Das Thema Umweltschutz betrifft jeden. Ob privat oder im Beruf, ganz egal. Was man in der Arztpraxis tun kann, um den Umweltschutz großzuschreiben, das verrät Ihnen auf den folgenden Seiten Nora Stroetzel. Sie erfahren hier alles über das Unternehmen "Praxis ohne Plastik".

Der Klimawandel ist laut der Weltgesundheitsorganisation die größte Bedrohung für unsere Gesundheit. Grund genug, Klimaschutz auch ins Gesundheitswesen zu integrieren. Im Folgenden werden Maßnahmen vorgestellt, wie Arztpraxen nachhaltiger gestaltet werden können. Das Unternehmen "Praxis ohne Plastik" hat es sich zur Aufgabe gemacht, Ärzte bei der Reduzierung ihres ökologischen Fußabdrucks zu begleiten. Der Weg hin zu einer nachhaltigen Arztpraxis steht offen – wir müssen ihn nur einschlagen.

Der ökologische Fußabdruck von Arztpraxen

Massive Hitze, Extremwetterereignisse, verstärktes Aufkommen biologischer Allergene usw.: Die direkten und indirekten Auswirkungen der Klimakrise auf unsere Gesundheit sind immens. Der Gesundheitssektor selbst hat einen Anteil von circa 5 bis 7 % am weltweiten CO2-Fußabdruck. Ein Umdenken ist nötig! Klimaschutz darf daher auch vor dem Gesundheitswesen nicht halt machen. Die höchsten CO2-Emissionen verzeichnen die Arzneimittelbranche und große Einrichtungen wie Krankenhäuser. Aber auch die unzähligen Arztpraxen tragen ihren Teil bei. Neben strukturellen Maßnahmen auf großer Ebene kann jede einzelne Praxis einen Beitrag leisten.

Reduce, reuse, recycle

Im Hinblick auf den Abfall einer Arztpraxis stellen sich folgende Fragen:
  • → Wo kann Müll von vornherein verhindert werden?
  • → Wo kann Abfall durch eine Wiederverwendung reduziert werden?
  • → Wo ist das Recyceln von Verbrauchsstoffen möglich?
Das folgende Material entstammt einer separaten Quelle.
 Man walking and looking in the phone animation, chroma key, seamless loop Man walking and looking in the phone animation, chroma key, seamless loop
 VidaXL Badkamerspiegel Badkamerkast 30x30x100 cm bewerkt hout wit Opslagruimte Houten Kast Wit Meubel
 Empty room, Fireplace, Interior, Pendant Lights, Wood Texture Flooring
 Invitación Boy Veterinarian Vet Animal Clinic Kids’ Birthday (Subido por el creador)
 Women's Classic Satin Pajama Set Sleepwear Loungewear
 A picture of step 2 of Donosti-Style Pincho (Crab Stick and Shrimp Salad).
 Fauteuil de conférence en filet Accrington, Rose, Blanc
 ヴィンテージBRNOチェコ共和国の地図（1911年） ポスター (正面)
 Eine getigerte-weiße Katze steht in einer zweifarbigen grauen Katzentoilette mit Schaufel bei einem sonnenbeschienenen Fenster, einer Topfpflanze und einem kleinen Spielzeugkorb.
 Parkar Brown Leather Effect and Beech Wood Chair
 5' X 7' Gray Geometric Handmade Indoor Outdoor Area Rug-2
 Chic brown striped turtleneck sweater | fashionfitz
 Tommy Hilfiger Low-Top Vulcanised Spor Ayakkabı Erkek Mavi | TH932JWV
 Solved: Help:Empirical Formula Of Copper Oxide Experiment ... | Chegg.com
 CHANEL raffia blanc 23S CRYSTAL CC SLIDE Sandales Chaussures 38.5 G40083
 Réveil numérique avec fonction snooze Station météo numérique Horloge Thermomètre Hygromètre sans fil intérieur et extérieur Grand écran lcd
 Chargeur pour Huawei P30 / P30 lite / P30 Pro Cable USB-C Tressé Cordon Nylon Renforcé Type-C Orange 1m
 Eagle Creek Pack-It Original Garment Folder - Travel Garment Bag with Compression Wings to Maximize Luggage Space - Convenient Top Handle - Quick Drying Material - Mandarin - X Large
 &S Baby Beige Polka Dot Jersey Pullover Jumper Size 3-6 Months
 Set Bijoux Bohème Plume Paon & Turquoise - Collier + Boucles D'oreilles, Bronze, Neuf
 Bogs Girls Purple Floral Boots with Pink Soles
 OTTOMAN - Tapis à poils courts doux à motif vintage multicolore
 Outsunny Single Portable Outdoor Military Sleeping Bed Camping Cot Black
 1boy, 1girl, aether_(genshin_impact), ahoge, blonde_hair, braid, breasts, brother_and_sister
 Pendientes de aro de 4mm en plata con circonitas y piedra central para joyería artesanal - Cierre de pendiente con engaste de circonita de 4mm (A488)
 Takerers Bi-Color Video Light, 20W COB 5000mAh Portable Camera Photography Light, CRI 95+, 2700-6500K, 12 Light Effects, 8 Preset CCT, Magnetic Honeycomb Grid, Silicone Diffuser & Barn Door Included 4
Einige Praxisbeispiele verdeutlichen die vielfältigen Handlungsmöglichkeiten:

Reduce: Müll vermeiden
  • Ersetzen der Magazine im Wartezimmer durch digitale Lesezirkel-Angebote
  • Bestellen größere Mengen, um Verpackungs- und Transportaufwand zu minimieren
  • Verzicht auf eine Kaffeemaschine mit Kapseln

Reuse: Wiederverwendbare Alternativen finden
  • Sterilisieren von Edelstahl statt Einweg-Instrumente
  • Handtuchrollen, waschbare Handtücher oder Händetrockner statt Papiertücher
  • Wasserkaraffe und Gläser statt Wasserspender und Plastikbecher im Wartezimmer

Recycle: Rohstoffe zurück in den Kreislauf bringen
  • Hygienepapiere aus recycelten und recycelbaren Materialien
  • auf Recyclebarkeit aller Materialien achten (z. B. Papierauflagen statt beschichtete Servietten)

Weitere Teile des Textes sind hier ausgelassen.